As expressões 'esquerda' e 'direita' ganharam significado político no contexto das revoluções liberais do século XVIII, especialmente após a Revolução francesa. Na Assembléia parlamentar francesa, a bancada que ficava à esquerda do presidente da assembléia era formada por um conjunto de membros que lutam por idéias avançadas, em oposição aos membros que se sentavam à direita e defendiam a conservação dos valores e do status quo vigentes.
Na câmara e no senado dos E.U.A., os democratas (tidos como menos conservadores) sentam-se à esquerda, e os republicanos (tidos como mais conservadores), à direita.

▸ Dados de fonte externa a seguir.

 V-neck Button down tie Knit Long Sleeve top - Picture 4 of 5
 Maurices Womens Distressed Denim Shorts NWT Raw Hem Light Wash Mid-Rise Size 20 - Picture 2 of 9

Com o passar do tempo a expressão 'esquerda' passou a denominar o conjunto dos indivíduos de uma nação, ou mesmo de uma comunidade supranacional, que acreditam na superioridade dos regimes socialistas ou comunistas sobre outras formas de organização econômico-políticas, especialmente a do capitalismo. Os que defendem o regime capitalista, o mercado como regulador de tudo são denominados pelos primeiros de conservadores, membros da direita e, na atualidade, de 'neoliberais'. Os que se vêem como 'esquerda' defendem a intervenção do Estado na economia, advogam que é dever do Estado prover o bem-estar dos cidadãos e têm como uma de suas principais metas acabar com as desigualdades sociais inerentes ao regime capitalista.
Considerando as discussões anteriores, proponha à turma uma pesquisa sobre a mídia alternativa presente na blogosfera brasileira (veja sugestão de alguns sites no item Para saber mais) e, em grande parte, declaradamente de esquerda.
Oriente os grupos a selecionar alguns desses blogs para leitura e análise de artigos políticos e de opinião sobre um tema específico. Oriente-os a pesquisarem também o mesmo tema em artigos publicados nos blogs e sites da imprensa corporativa para que possam comparar as abordagens e perceberem diferenças e/ou semelhanças nelas.
Finalmente, sugira que formulem uma opinião pessoal sobre o que leram e se desejarem que redijam comentários críticos sobre os artigos veiculados pela mídia (corporativa ou alternativa) e os envie aos autores cujos artigos provocaram a redação dos comentários críticos.